Toda esa fabulosa riqueza natural, el petróleo en especial, es parte indispensable de la economía estadounidense, que sigue haciendo de Latinoamérica su patio trasero (y del petróleo su savia fundamental, dado su cuestionable modo de consumo, derrochador e insostenible). Washington es el principal consumidor de petróleo en el mundo (el doble del país que le continúa: la China), y sus reservas propias solo le proporcionan el 60% de sus necesidades: el resto viene de afuera, Venezuela en buena medida.
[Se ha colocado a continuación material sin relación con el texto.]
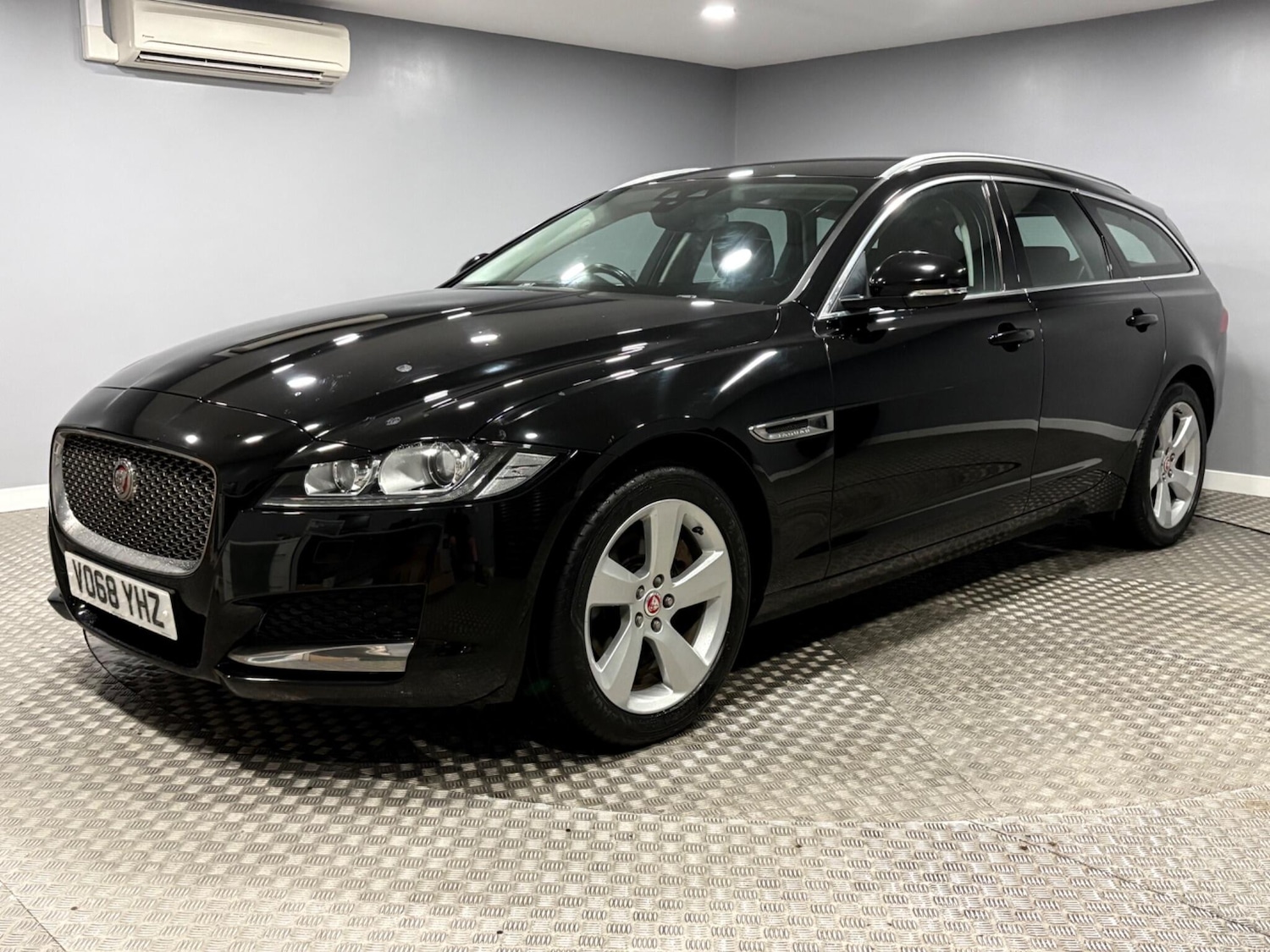 Used Jaguar XF 2018 for sale - 78170587: Photo 7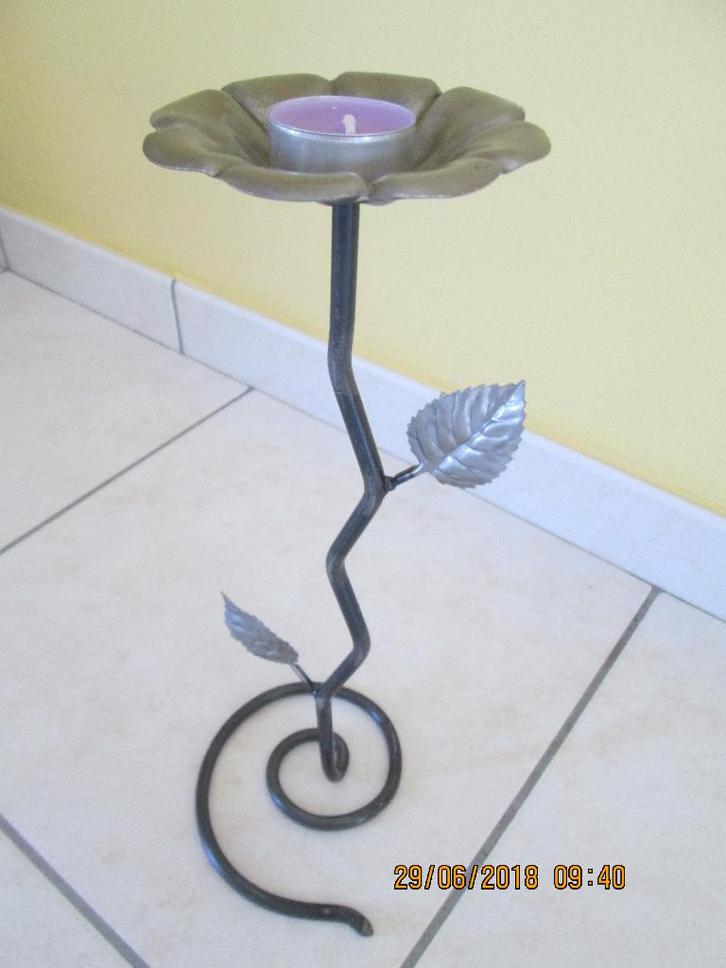 Bougeoir en fer forgé sur pied Design, Maison & Meubles, Accessoires pour la Maison | Bougeoirs & Bougies, Neuf, Chandelier, 25 à 50 cm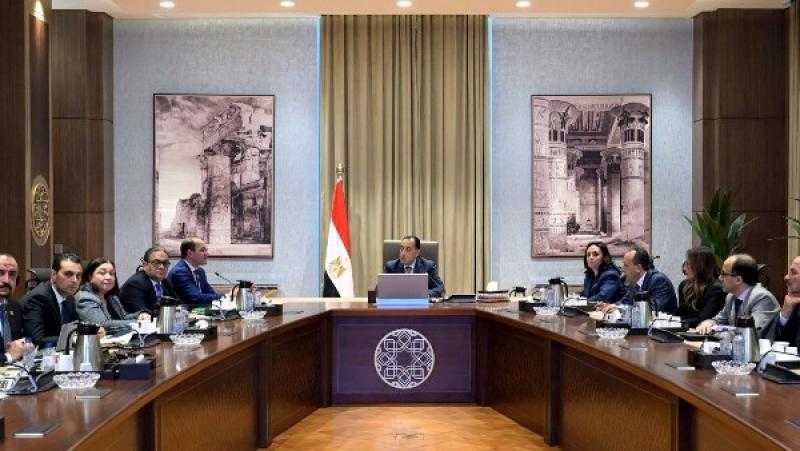 كلف بها الرئيس السيسي .. مدبولي يناقش مقترحات حزمة الحماية الاجتماعية
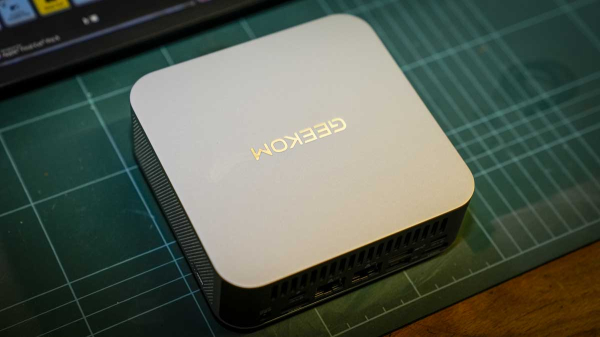 Обзор Geekom A9 Max 2026 Edition — обновление мощного мини-ПК с ИИ Обзор Geekom A9 Max 2026 Edition — обновление мощного мини-ПК с ИИ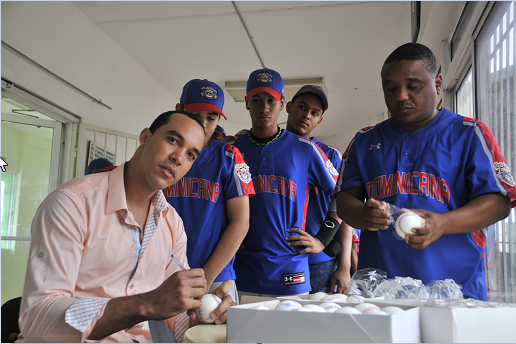Ubaldo Jiménez reconocido en el Clásico Scotiabank de Pequeñas Ligas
El gas de esquisto, tan publicitado unos años atrás, de ningún modo puede reemplazar al petróleo. En esa lógica se entiende que la clase dominante de Estados Unidos, sus grandes compañías petroleras (que son quienes fijan, en definitiva, la política externa de ese país, junto al complejo militar-industrial) y la Casa Blanca –que habla por esas gigantescas empresas globales– tienen un enemigo a vencer en el proceso bolivariano.

Más ahora, en que ya varios países van a comenzar a comerciar el petróleo no en dólares sino en otras monedas (criptomonedas como el petro venezolano, el criptoyuan chino, el criptorublo ruso), lo cual equivaldría a una caída en picada de la economía estadounidense. Por todo ello, asegurar las reservas venezolanas es prioritario para esa lógica imperial. En otros términos: el caos actual que vive Venezuela no es «culpa» del presidente Maduro ni del proceso bolivariano iniciado por Chávez: tiene una agenda bien clara. Son los intereses de quienes quieren que el dólar siga siendo la moneda fuerte del planeta los que la adversan.

Desde hace años Washington está intentando revertir la política chavista. Ha probado de todo, y no le funcionó: golpe de Estado, paro petrolero, sabotajes, mercado negro, motines. Ello puede leerse en sus propios documentos oficiales. Ahora suenan tambores de guerra, y todo indicaría que la Casa Blanca estaría optando por la acción armada directa, con una fuerza multinacional, o con tropas propias.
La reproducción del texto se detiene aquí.